A preocupação exacerbada com os afazeres quotidianos, com as questões profissionais urgentes, com a necessidade de dar respostas eficazes a problemas colocados superiormente, impede-nos muitas vezes de refletir seriamente sobre a razão de ser do que fazemos e a maneira como o fazemos.
Vamos fazendo, o mais rápido que podemos e o mais eficazmente que sabemos, sem, em muitos casos, ponderarmos devidamente o sentido essencial dos nossos atos e o resultado que eles podem produzir.

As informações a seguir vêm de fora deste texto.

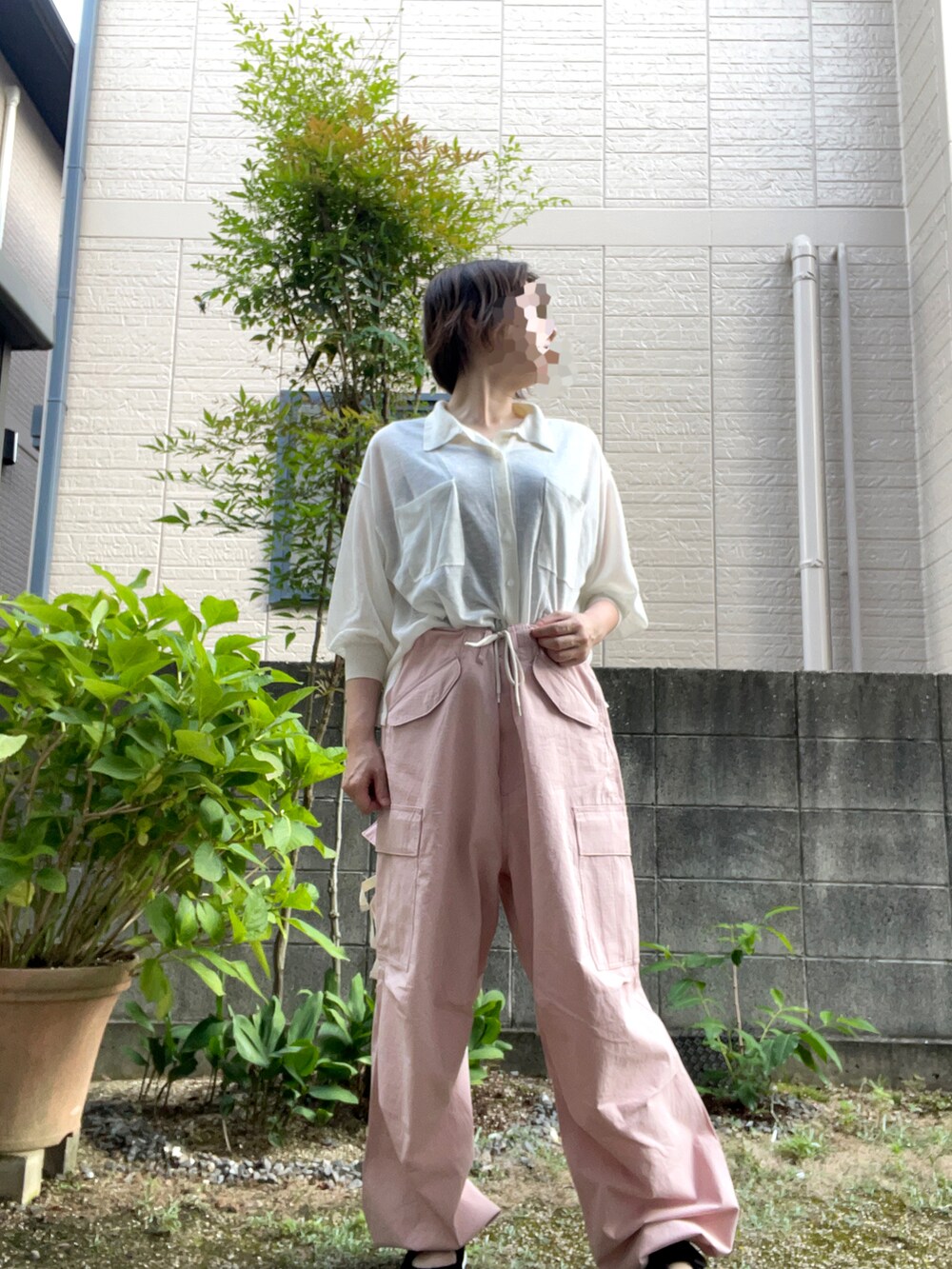 ピンク系のその他パンツ、ホワイト系のニット/セーター、ブラック系のサンダルを着用したレディースの夏コーディネートの3枚目の写真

Toda a vida moderna parece estar, aliás, organizada para evitar qualquer tipo de reflexão, mais ou menos profunda, designadamente se esta puder vir a questionar os fundamentos reais da nossa ação e das determinações a que somos submetidos.
Acresce que, para compensar esse défice de ponderação e reflexão própria e coletiva, os média se encarregam, dia e noite, de nos fornecer explicações razoáveis e prefabricadas que são, de algum modo, limitadoras das nossas capacidades e possibilidades de pensarmos, individual e coletivamente, as nossas ações e as dos outros.

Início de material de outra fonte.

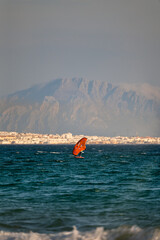 Wing foiler in Tarifa with African mountain background © Paolo Corazza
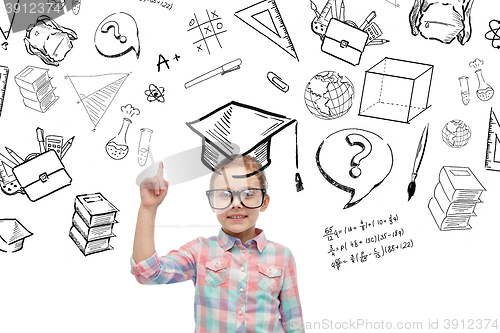 Image of happy little girl in eyeglasses pointing finger up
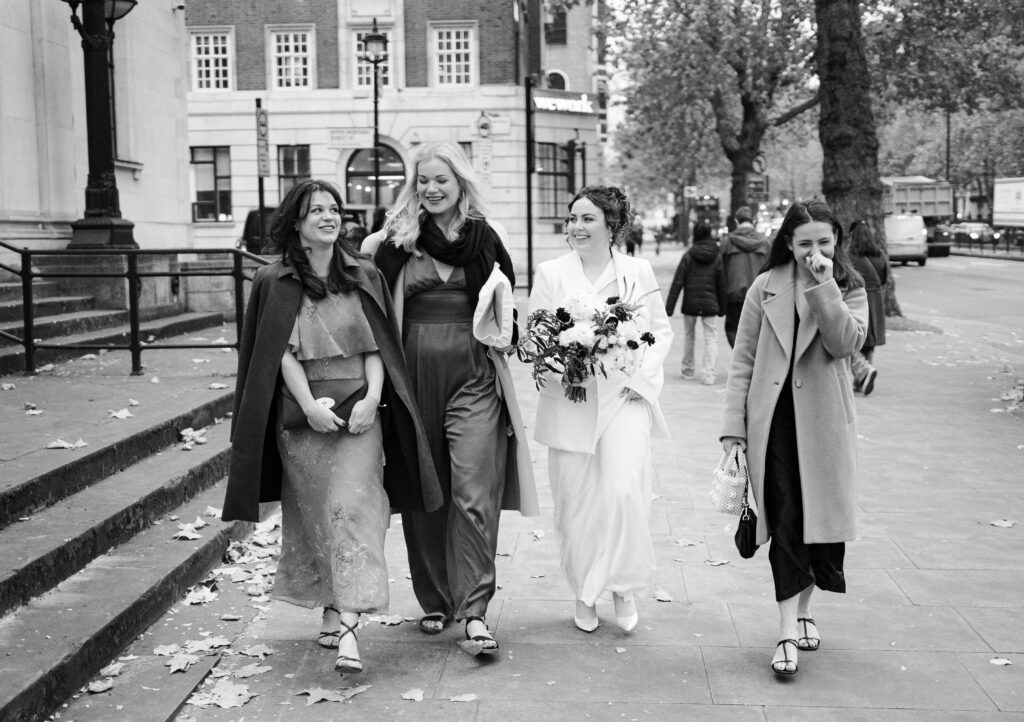 bride and three friends walking into old marylebone town hall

As coisas são assim porque são assim e de pouco serve pensarmos em procurar outras explicações, pois elas não serão validadas se, de algum jeito, não se enquadrarem no pensamento único que o mainstream produz constantemente.
Parece, pois, que o único princípio verdadeiramente orientador da nossa vida atual – seja pessoal, social, política, profissional ou moral – é o conhecido “empurrar com a barriga”.
Vamos, por isso, empurrando cegamente quase tudo, designadamente as opções com as decisões que se relacionam com a atividade institucional e a maneira como, pessoalmente, nos situamos nela.
Tal atitude, contudo, conduz-nos muitas vezes a becos sem saída e acaba por provocar crises que não nos atrevêramos a imaginar mas que, com um pouco mais de reflexão, teríamos facilmente adivinhado.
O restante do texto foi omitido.